And first of all there’s almost always a pretty small number of reasons, but you can usually sort the good from the bad with three questions. And it’s going to be a different set of questions for most people, but certainly a question that almost everybody is going to have in common is whether or not they have the money. You have this like super cool exotic radio and it does all this cool stuff. but you know, let’s say that you put a little five question things.

Like is this radio really for you? I mean a programmer could probably put that together in an hour and a half, and stick it up on your page there, and like, you know, if you…and I don’t even know what the criteria are because I haven’t looked at you radios, but you’re really helping that person out and like you answered all five of these questions a certain way, like not only should you by this radio, but this is the only radio in the world that has those five answers where you end up with that result. So this is a no-brainer. Most people don’t do that. I rarely see it done.
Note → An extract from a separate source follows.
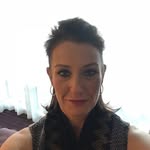 Jane Castles - @jc_3141 - Instagram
How to Be an Amazing Copywriter

Andrew: One of my personal goals this year, Perry, is to get better at copywriting, it’s not something I’ve ever invested a lot of time into doing, and it’s, I mean, as I think I would guess you’d say is incredibly valuable. What would be your 80/20 recommendations to focus on when learning to be a better copywriter, where should I spend the majority of my time either learning or practicing? What’s the 80/20 to become just an amazing copywriter?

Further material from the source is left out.